For the cord keepers I sewed in the image below, I used a few Riley Blake Basics fabrics. The yellow is Texture Canary, the pink is Shades Hot Pink, and the blue is Kisses Peacock. If you want to find any of the exact fabrics I used, the best way is to google “Riley Blake ________” and fill in the blank with the fabric name I listed.
While I will be showing you how to sew these on a sewing machine, these are also small enough the hand sew if you prefer.
How to Get the Pattern
To get this pattern, you must either be a free newsletter subscriber or have purchased a gallery access pass. Then click your preferred option from the buttons below. Existing newsletter subscribers should look at the bottom of the most recent Friday newsletter for the current free pattern gallery password. If you purchased the all access pass you’ll log in to your shop account to download the pattern. Note that the free version of the pattern does not have printable instructions so you’ll need to refer to this post for instructions.
How to Make a Cord Keeper
To sew a cord keeper, watch the video below or on YouTube here if the video won’t load for some reason. Written instructions appear under the video.
Time needed: 10 minutes
How to Make a Cord Keeper
- Print the cord keeper template
See directions above to get the free pdf sewing pattern
- Cut out your fabric
Cut 2 pieces of fabric using the cord wrapper template. You can use two of the same fabric or two different fabrics to make a reversible cord keeper. You can also add fusible interfacing to the wrong side of one or both pieces of fabric to make a firmer cord keeper.

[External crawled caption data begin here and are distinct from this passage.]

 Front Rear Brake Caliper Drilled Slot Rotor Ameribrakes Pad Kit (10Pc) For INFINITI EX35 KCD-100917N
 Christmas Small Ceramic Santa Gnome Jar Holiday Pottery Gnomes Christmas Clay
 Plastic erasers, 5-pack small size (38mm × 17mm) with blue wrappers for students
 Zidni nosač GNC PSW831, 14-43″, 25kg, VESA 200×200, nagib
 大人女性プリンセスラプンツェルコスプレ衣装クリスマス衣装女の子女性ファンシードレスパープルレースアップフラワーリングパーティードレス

- Place fabric right sides together and stitch
Use 1/4 inch seam allowances to stitch the pieces together, leaving a gap on one long side for turning
- Clip corners
Cut close to the stitching at the corners to reduce bulk.

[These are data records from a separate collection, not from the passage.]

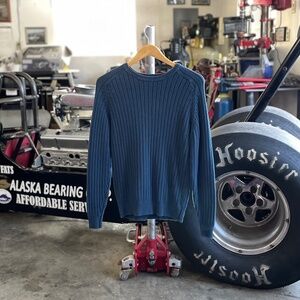 Oscar De La Renta 100% Cotton Blue Sweater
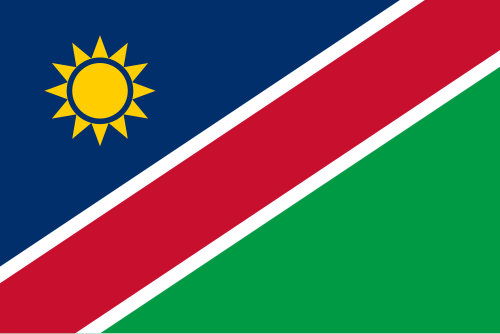 Die Flagge Namibias zeigt eine gelbe Sonne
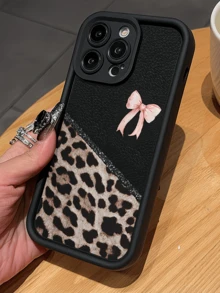 1件裝黑色豹紋水鑽粉色蝴蝶結極簡個性化TPU防震全包手機殼，適用於Apple 17 16 15 14 13 12 11 Pro Max Air及系列 - 彩色 - 查看 4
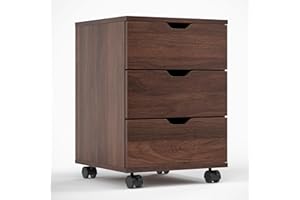 Farini Wood File Cabinet for Home Office,Under Desk 3 Drawer Mobile File Cabinet(Brown,Non-Assembled)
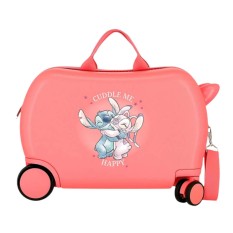 Mala de Viagem Infantil ABS 4R Easyjet STITCH Cuddle Me Coral, Tamanho: Mala Infantil 45cm, Cor: Coral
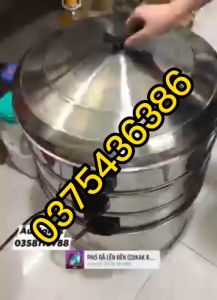 Nồi hấp gà ủ muối - Nồi hấp inox chạy điện size 47cm 3 tầng hấp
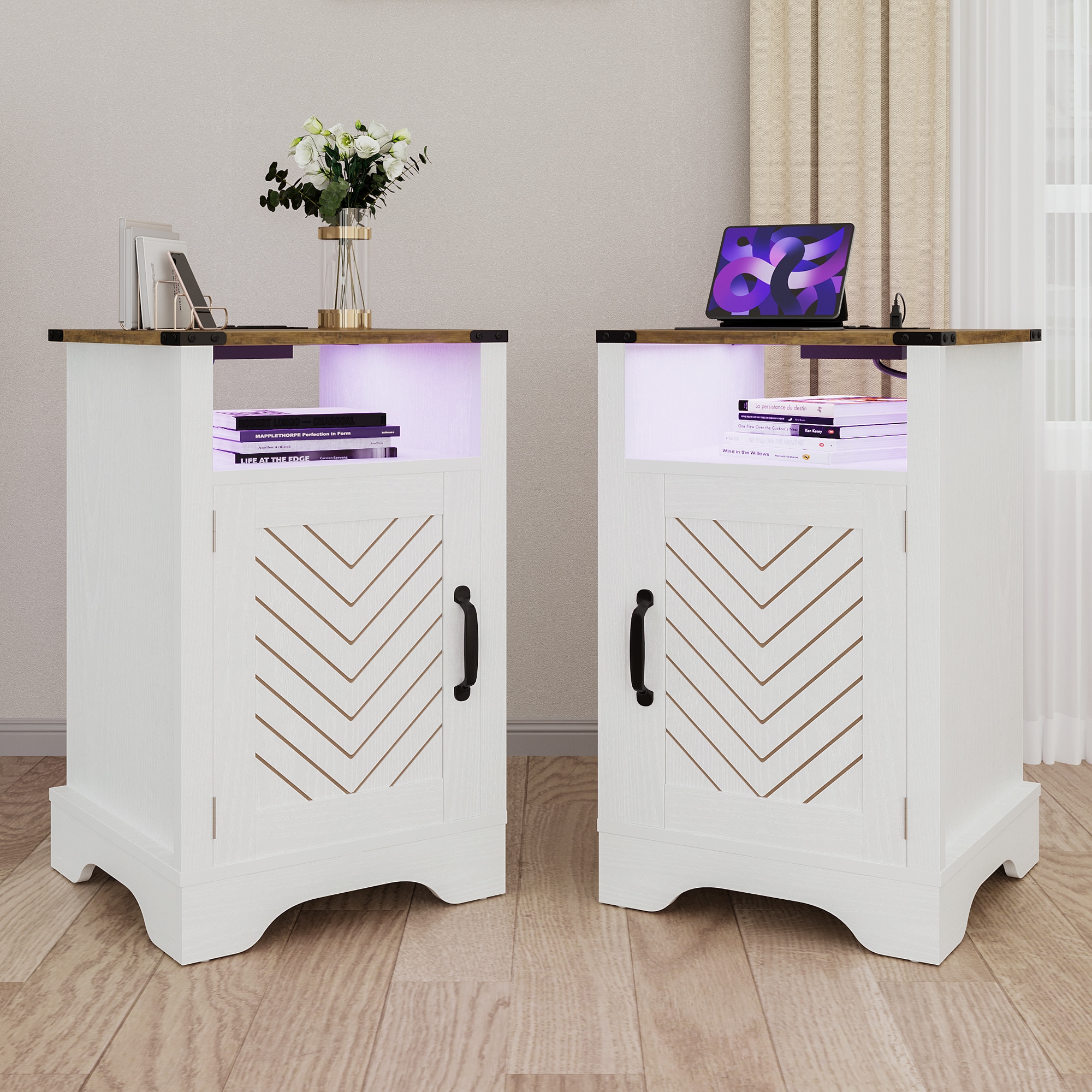 Set Of 2 Bedside Tables With Charging Station And Storage White_voghion.com
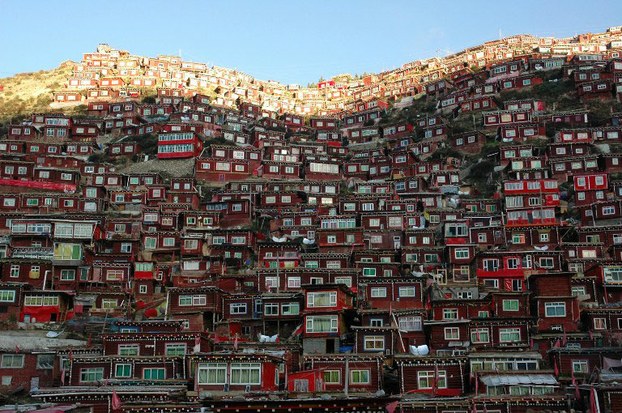 Monks' and nuns' houses are shown at Larung Gar in Sichuan in an undated photo.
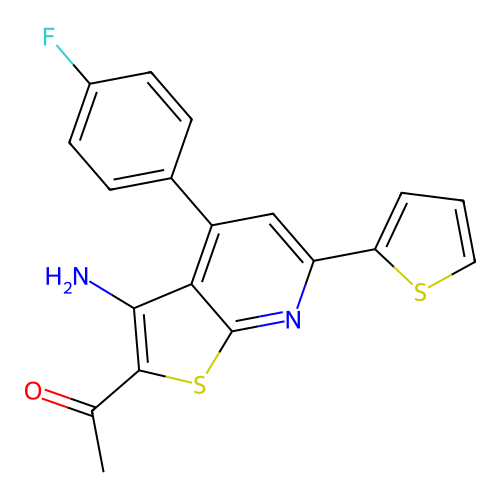 1-(3-amino-4-(4-fluorophenyl)-6-(thiophen-2-yl)thieno[2,3-b]pyridin-2-yl)ethanone structure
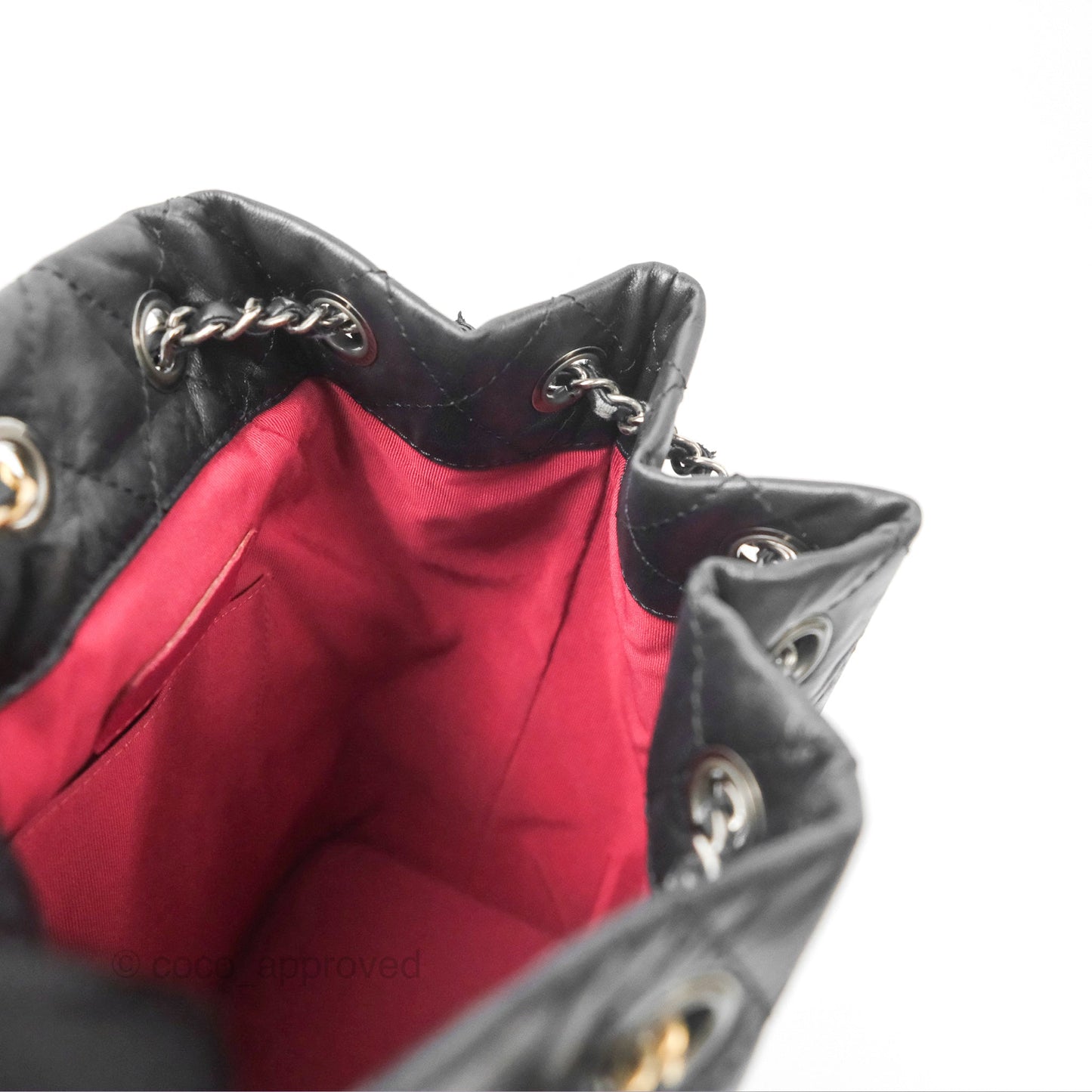 Chanel Small Gabrielle Backpack Quilted Black Aged Calfskin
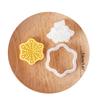 Christmas Snowflake Cookie Cutters Pressable Biscuits Mold Plastic Cookie Stamps DIY Cake Baking Tool Easy to Clean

- Turn cord keeper right sides out and press
You might want to use a chopstick or stiletto point presser to make sure you get the seams pushed all the way out. Press with an iron.
Topstitch around the edges to reinforce and keep cord wrapper flatter.
- Apply hook and loop tape (Velcro) pieces to the ends
Sew one square of velcro at one end, then flip the keeper over and sew the other square on the opposite end.
Cord Keeper Uses
You can use these DIY cord keepers in several ways. They’re great for wrapping charger cords and to keep a brick with a charger cord. They’re a tiny bit too long for wired earbuds, but if you make a shorter wrap they work well for that. This size is long enough for me to use on indoor extension cords. If you need a longer cord wrap to go around very long outdoor extension cords you can lengthen the pattern. They can be used with audio, laptop or TV cables. If you’re giving these as a gift, they also pair well with whatever you want them to help untangle. If your kids lose phone chargers like mine do, a cord wrap with an extra phone charger is a perfect stocking stuffer.